Early artificial intelligence program

STUDENT is an early artificial intelligence program that solves algebra word problems. It is written in Lisp by Daniel G. Bobrow as his PhD thesis in 1964 (Bobrow 1964). It was designed to read and solve the kind of word problems found in high school algebra books. The program is often cited as an early accomplishment of AI in natural language processing.

==Technical description==
Within Project MAC at MIT, the STUDENT system was an early example of a question answering software, which uniquely involved natural language processing and symbolic programming. Other early attempts for solving algebra story problems were realized with 1960s hardware and software as well: for example, the Philips, Baseball and Synthex systems.

STUDENT accepts an algebra story written in the English language as input, and generates a number as output.
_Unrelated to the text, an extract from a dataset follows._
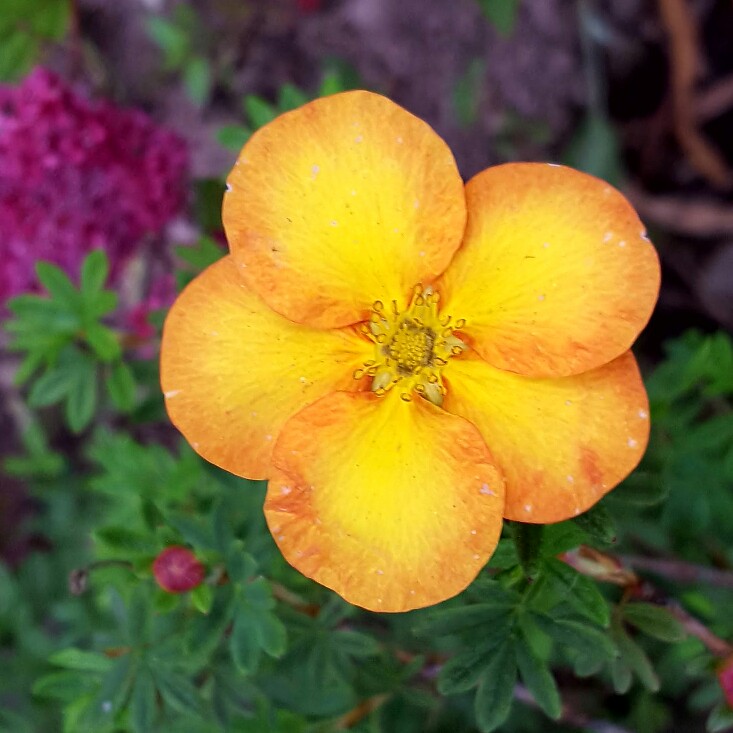 Plant image Potentilla fruticosa 'Mango Tango'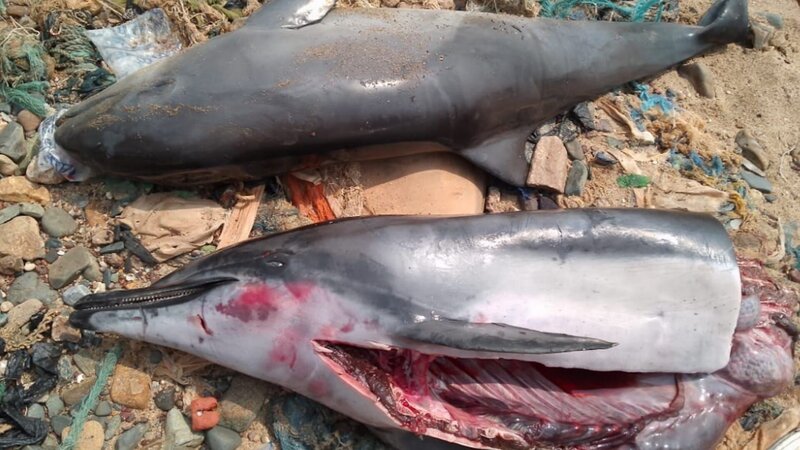 Weltweit werden Delfine gefangen und getötet. Umweltschützer schätzen, dass es weit mehr als 100.000 illegale Tötungen jedes Jahr gibt. – Bild: Michael Nieberg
This is realized with a layered pipeline that consists of heuristics for pattern transformation. At first, sentences in English are converted into kernel sentences, which each contain a single piece of information. Next, the kernel sentences are converted into mathematical expressions. The knowledge base that supports the transformation contains 52 facts.

STUDENT uses a rule-based system with logic inference. The rules are pre-programmed by the software developer and are able to parse natural language.

More powerful techniques for natural language processing, such as machine learning, came into use later as hardware grew more capable, and gained popularity over simpler rule-based systems.